Mobile devices are changing not only consumer habits but also the way companies work, by obscuring former boundaries between different specialist jobs and departments. It's now up to the individual to adapt and bridge the gap that has opened up between new technologies and traditional work practices.
L'Atelier: In your presentation to the forum you talked about a “mobility revolution”. What do you mean by that?
Vincent Rouaix: I’m talking about mobility in the wider sense - i.e. mobile tools, but also the Cloud, SaaS and so on. In my view we’re currently living through a real revolution due to the convergence of three areas of technology. Firstly, we have powerful networks; secondly, servers that work well and cost less than before; and thirdly, applications with additional functionality which can handle business transactions. The combination of these three elements is bringing about a revolution in our ways of doing things – the possibilities are virtually infinite. From the company’s point of view, technology, marketing and sales are in fact completely intertwined. Nowadays, the same tools can be used for sales, for CRM or in “push” mode as well. Nevertheless it has to be said that there is still a gap between the potential and the reality. Technology is still a few steps ahead of our daily habits.
So what changes will this revolution bring about within the company?
The changes will be far-reaching, especially as regards hierarchical organisation. Organisations used to be based on knowledge and its attachment to a specific job or department. But mobile tools have made information accessible to everyone, thus destroying this hierarchical model. Consequently, the role of top management needs to change, and so does the organisational structure. The company needs to move from working in silos to working through networks where all the employees are interconnected. As far as the manager is concerned, his or her role is no longer to oversee but rather to steer, to act as a catalyst for the whole process. The General Manager, who was previously the big boss, must now become more like a guide.

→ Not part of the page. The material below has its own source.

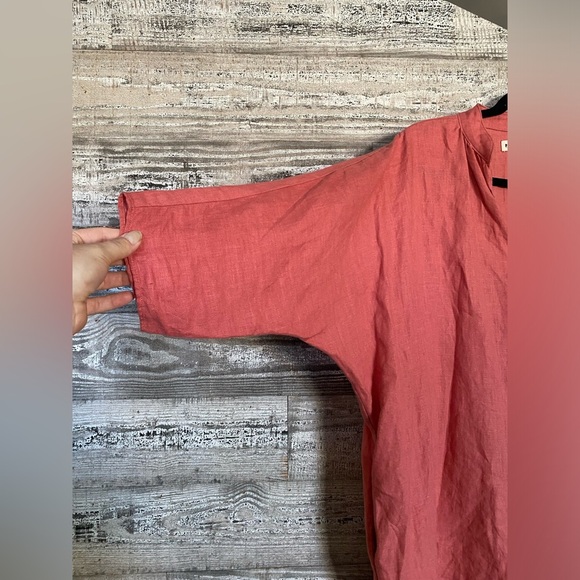 Rachel Craven Linen Dress - Picture 1 of 2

L'Atelier: Has the economic slowdown drawn a line under the transition to mobile?
Not necessarily. For example, some business models, such as freemium - free applications and services, etc - are not yet up and running. Similarly, the security risks arising from mobile devices have not yet been fully resolved. And this is where structural flexibility and automatic wide-scale integration of available data come into play and innovation is required. That’s the only way we can get over these problems. To conclude, I would stress the need for innovative approaches. I think that’s the only way our practices can catch up with the technology, i.e. discover the best possible uses of the new technologies.